In 1936 Bette Davis and Warren William appeared in Satan Met a Lady, a very loose adaptation. Warner Brothers studio owned the rights to Hammett's novel and decided to milk the property for another release. Very little of Hammett's work survived. Then that best known 1941 version has been followed in more recent decades by The Maltese Bippy [1969], a vehicle for Dan Rowan and Dick Martin of Laugh-In fame with Rowan as Sam Smith. In 1975 The Black Bird featured George Seagal as Sam Spade, Jr., in another comedic take. With Hollywood's current fascination with recycle and reuse, a new version could well appear soon. A stage version by Bryan Colley did appear in 2008. 

On February 2, 1943, a serious interpretation of the story was broadcast on the Lux Radio Theatre. Lux [named after its soap sponsor] ran on various networks from 1934 until 1955, adapting Broadway plays in its first two seasons and then films.
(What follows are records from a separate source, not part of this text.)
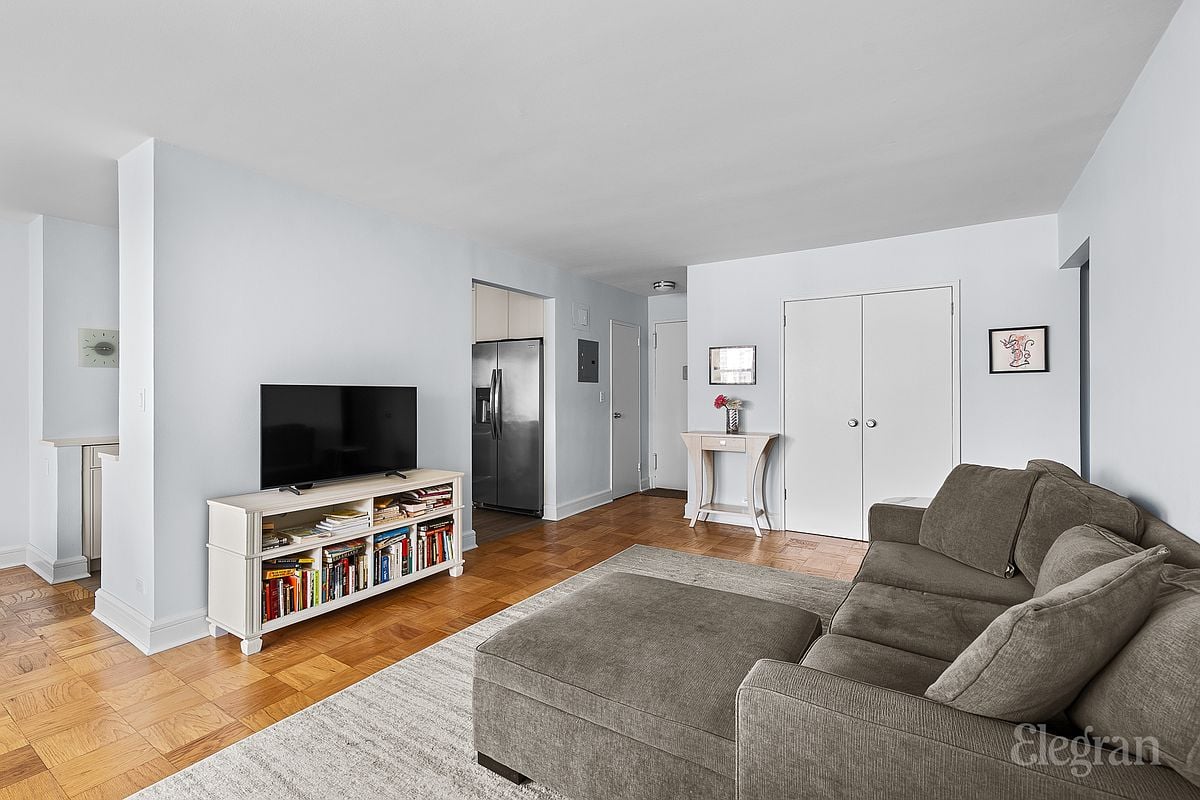 205 West End Avenue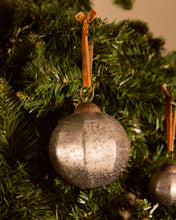 Load image into Gallery viewer, Blama set of 2 Christmas baubles made of silver recycled glass, Ø 10 cm - image 2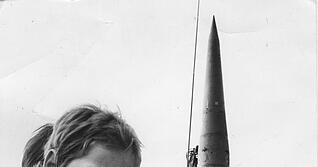 Zusammengestellt von Archiv und Dokumentation der Heilbronner Stimme - Bis 1976 störten sich nur wenige Heilbronner daran, wenn Kinder beim  jährlichen Freundschaftstag auf der Waldheide mit Kriegswaffen spielten. Mit Bekanntwerden der Stationierung von Pershing- Atomraketen 1977 wachen die Bürger auf.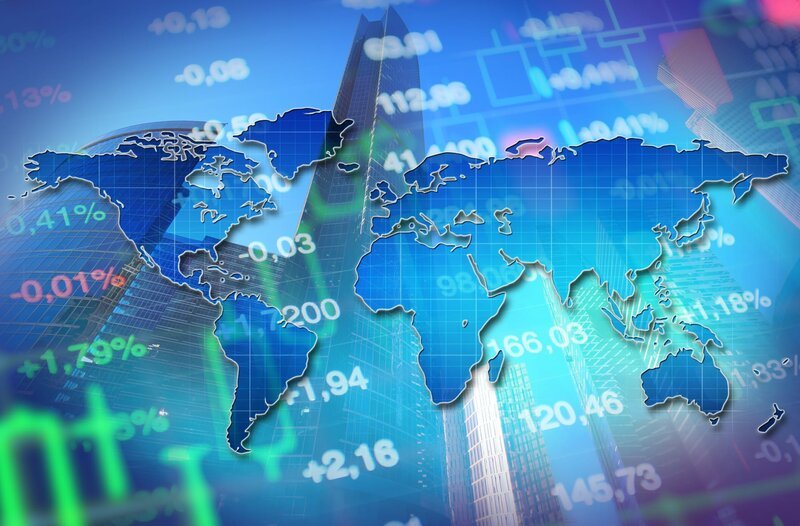 Economy concept collage with world map at background of stock market charts and skyscrapers. Blue background for global economy themes and financial news. – Bild: Public Domain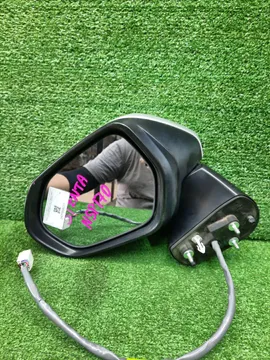 ЗЕРКАЛО НА TOYOTA SIENTA NCP175G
For eleven of those years the great Cecil B. DeMille introduced the stories, including The Maltese Falcon. That version starred Edward G. Robinson as Sam Spade and Gail Patrick as his female nemesis Miss Wonderly, or Brigid Shaughnessy or whatever. You can read the script of this adaptation here & listen to it on YouTube

And there's the Alabama connection to The Maltese Falcon--Gail Patrick. I've written about Patrick's extensive film career as well as her years as executive producer of the classic Raymond Burr Perry Mason TV series. Patrick was born in 1911 in Birmingham as Margaret LaVelle Fitzgerald. She graduated from Howard College, remained there for a brief period as acting dean of women, then spent two years in law school at the University of Alabama. On impulse she entered a contest by Paramount Studios; although she did not win, she was offered train fare to Hollywood for herself and her brother. She made her film debut in 1932; she died in 1980. She had many prominent acting roles before retiring in 1948. I've also written about her early role as one of the murder victims in the very strange, very fascinating 1934 film Murder at the Vanities. 

I wonder what other radio goodies are to be found in Patrick's career?